At 3:30, I made my way back up to the staff room and saw a school worker with his gaze fixed upon me. I knew this was probably the man I was looking for, and as I approached him, he took out a small piece of paper from his pocket and slowly unfolded it in front of his chest.

Funny note

With a smile and slight head bob, I communicated to him that I understood, and him and I started walking towards the lab.
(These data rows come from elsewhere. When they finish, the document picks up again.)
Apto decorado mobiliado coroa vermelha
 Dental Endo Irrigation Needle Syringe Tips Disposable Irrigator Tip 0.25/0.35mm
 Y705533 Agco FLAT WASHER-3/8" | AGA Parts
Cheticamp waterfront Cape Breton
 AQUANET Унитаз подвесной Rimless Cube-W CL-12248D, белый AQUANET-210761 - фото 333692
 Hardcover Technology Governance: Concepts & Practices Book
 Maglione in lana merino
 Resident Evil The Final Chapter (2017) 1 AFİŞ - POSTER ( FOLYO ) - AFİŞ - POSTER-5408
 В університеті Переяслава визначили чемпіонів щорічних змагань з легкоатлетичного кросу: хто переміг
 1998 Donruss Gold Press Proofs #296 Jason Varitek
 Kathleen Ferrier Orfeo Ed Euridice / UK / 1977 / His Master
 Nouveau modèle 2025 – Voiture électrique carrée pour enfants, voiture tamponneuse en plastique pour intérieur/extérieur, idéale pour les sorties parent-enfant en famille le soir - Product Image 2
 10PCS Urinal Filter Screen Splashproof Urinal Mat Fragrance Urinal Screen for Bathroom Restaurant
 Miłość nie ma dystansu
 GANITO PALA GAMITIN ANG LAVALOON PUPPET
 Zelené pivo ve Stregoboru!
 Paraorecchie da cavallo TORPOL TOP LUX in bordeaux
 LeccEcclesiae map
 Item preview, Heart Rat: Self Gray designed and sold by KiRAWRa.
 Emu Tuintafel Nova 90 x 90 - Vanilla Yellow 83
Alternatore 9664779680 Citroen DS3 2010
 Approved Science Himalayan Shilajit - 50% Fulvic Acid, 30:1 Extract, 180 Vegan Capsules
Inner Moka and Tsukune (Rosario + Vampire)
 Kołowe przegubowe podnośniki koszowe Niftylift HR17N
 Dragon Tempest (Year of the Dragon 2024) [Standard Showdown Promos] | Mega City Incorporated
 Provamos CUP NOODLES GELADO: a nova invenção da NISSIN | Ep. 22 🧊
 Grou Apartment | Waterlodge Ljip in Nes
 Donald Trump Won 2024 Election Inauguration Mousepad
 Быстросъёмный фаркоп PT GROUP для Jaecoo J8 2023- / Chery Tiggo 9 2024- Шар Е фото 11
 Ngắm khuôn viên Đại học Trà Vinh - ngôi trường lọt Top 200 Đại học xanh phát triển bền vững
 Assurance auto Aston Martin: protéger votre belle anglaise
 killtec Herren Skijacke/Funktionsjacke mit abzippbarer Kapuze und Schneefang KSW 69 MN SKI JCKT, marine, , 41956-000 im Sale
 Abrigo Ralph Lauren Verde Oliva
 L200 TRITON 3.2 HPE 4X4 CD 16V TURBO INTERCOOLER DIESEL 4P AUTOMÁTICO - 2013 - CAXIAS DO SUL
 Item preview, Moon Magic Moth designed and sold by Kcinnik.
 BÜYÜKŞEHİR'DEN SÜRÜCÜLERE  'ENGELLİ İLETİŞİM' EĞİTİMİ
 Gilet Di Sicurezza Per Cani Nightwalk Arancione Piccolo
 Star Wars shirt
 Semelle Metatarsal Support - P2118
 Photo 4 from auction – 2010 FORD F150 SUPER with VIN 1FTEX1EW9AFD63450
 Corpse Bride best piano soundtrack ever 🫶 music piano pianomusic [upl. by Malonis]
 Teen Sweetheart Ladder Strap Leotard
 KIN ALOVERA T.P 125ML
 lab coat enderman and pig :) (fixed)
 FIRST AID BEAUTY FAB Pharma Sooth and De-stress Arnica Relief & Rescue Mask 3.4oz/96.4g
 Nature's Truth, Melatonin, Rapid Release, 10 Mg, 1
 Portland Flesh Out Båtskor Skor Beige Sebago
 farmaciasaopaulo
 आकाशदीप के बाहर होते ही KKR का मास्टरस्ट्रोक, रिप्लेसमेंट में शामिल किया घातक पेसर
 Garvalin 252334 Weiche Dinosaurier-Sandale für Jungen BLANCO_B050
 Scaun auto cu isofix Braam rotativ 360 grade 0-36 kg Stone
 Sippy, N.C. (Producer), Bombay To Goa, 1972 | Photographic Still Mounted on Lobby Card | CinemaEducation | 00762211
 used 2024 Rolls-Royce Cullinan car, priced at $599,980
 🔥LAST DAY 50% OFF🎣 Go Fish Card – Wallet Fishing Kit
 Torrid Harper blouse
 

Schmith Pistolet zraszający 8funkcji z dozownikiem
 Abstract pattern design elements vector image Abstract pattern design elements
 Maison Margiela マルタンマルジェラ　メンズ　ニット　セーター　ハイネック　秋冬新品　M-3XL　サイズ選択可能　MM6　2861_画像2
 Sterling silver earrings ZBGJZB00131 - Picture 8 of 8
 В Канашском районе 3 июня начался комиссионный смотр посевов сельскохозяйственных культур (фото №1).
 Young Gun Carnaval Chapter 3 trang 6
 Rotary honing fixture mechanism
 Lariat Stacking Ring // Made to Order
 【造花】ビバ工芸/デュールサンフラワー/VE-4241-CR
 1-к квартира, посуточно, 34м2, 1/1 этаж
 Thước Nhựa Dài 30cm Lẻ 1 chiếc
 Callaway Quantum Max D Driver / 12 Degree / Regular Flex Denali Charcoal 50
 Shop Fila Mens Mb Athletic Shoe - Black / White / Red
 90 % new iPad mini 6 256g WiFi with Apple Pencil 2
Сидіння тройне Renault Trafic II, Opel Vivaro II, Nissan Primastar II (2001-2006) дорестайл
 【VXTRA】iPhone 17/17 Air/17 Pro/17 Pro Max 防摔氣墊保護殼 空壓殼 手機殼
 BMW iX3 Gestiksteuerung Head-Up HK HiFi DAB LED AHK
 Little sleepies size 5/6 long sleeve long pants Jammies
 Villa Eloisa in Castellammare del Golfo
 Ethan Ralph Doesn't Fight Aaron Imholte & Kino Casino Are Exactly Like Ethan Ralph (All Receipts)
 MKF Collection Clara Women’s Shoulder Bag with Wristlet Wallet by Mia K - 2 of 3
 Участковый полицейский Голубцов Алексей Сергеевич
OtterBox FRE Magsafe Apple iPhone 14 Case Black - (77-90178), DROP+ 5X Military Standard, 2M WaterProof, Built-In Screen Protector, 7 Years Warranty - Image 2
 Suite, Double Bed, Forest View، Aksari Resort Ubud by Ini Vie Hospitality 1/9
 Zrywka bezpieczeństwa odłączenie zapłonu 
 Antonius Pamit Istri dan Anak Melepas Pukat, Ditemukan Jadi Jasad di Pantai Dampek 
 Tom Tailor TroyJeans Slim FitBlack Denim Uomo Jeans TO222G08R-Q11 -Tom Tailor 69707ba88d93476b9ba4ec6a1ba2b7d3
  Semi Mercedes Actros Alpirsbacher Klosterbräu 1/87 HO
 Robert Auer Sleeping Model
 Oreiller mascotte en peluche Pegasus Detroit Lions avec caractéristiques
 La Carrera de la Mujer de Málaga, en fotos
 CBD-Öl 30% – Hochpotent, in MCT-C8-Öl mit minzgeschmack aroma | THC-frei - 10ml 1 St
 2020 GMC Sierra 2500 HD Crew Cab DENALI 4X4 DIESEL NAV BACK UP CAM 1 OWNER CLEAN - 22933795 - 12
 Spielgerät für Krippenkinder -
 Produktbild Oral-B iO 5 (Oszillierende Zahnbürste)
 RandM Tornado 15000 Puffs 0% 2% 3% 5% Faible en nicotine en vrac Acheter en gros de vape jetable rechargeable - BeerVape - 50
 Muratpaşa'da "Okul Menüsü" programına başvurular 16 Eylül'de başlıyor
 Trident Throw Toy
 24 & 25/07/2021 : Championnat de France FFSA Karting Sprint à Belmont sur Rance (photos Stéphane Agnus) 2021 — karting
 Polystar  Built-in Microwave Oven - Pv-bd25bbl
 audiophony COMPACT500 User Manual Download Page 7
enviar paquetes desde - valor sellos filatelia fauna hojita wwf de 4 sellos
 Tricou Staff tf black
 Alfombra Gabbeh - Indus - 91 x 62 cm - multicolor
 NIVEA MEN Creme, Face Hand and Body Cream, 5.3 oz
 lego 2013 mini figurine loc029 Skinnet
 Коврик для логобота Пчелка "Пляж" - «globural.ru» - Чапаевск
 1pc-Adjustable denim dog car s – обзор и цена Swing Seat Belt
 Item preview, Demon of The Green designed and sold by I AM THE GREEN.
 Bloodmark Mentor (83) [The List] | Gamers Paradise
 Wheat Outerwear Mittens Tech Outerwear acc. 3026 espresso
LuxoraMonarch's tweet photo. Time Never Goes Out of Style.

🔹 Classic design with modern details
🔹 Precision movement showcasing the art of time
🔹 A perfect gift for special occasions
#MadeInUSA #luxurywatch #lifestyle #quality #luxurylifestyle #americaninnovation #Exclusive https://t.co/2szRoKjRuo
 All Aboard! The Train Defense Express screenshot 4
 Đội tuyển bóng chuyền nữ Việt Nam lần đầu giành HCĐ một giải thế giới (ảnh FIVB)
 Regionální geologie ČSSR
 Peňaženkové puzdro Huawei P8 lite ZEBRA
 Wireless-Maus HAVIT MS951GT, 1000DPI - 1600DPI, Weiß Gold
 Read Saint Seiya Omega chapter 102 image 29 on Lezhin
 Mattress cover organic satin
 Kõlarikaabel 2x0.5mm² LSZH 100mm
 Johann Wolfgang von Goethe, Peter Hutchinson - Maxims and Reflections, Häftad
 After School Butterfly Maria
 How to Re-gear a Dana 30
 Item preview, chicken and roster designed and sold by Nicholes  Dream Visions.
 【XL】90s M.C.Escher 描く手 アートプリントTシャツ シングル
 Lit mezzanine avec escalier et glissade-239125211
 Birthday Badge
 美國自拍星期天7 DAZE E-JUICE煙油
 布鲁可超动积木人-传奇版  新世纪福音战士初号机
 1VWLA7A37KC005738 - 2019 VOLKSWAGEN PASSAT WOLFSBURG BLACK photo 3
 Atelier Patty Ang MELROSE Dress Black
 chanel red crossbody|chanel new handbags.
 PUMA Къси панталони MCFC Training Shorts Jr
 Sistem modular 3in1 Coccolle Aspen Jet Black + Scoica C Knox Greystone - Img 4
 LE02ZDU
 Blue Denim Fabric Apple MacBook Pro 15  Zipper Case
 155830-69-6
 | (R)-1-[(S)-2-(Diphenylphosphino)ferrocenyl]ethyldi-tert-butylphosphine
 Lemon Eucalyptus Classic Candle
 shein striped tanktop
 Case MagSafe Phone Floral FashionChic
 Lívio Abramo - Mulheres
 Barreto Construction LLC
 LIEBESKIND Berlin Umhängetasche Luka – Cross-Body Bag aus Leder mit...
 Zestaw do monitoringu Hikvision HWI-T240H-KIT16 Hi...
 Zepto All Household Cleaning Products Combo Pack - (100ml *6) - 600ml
Class was actually scheduled to start at 3:40, so for those 10 free minutes, the physics teacher eagerly took me from station to station, describing each of the experiments, letting me try out the instruments, and explaining what the students would be asked to do. Some pictures of the lab are posted below. Don't let the shabby appearance of the room fool you. These kids would smoke most 12th graders in physics. What we cover in AP Physics A/B/C, these students have already finished by 10th standard. When the students walked into lab, they hardly needed any introduction to the experiments before they went right into taking measurements and fiddling around with resistances, focal lengths, etc.

Physics lab classroom

Wheatstone bridge

Microscope and prism Optics experiment

Throughout India, there's a sense of prestige attached to students that enter into the science track during high school. Whether or not they can enter into this track is determined by how well they do on standardized tests. Students that complete the science track have the opportunity of going on and getting bachelors of science degrees which then allows them to become engineers, doctors, and IT specialists. This is the top echelon of careers that most Indians aspire towards. Where does English fall in? The sense that I've gotten already is that most students just treat English as a hurdle that they have to just manage to jump over so they can run towards their higher goals. If they can simply memorize stories and essays to get good marks on their standardized tests, they'd rather do that than spend time actually learning the language. This is a struggle that I'm sure I'll be dealing with all year. All I've been told when I voice my complaints is that I have to accept this as the way things just are and that I should just teach English the way that its always been taught at this school. Le sigh.

4 comments:

Andrew said...

Wow first?

That's sad =( As a teacher you always want your students to be interested in what you're teaching

alexlee said...

indians are taking over the world

noonarulez said...

Funniest note ever.

Heidi said...

That's interesting what you say about their science labs, because I've seen the same lab photographed by other Fellows and Cat, and drew the same conclusions you specifically warn not to: that their science curriculum is lacking. Appearances are indeed deceiving, and additionally makes me wonder to what extent American schools use expensive equipment as a ruse or a crutch to hide or remediate poor performance.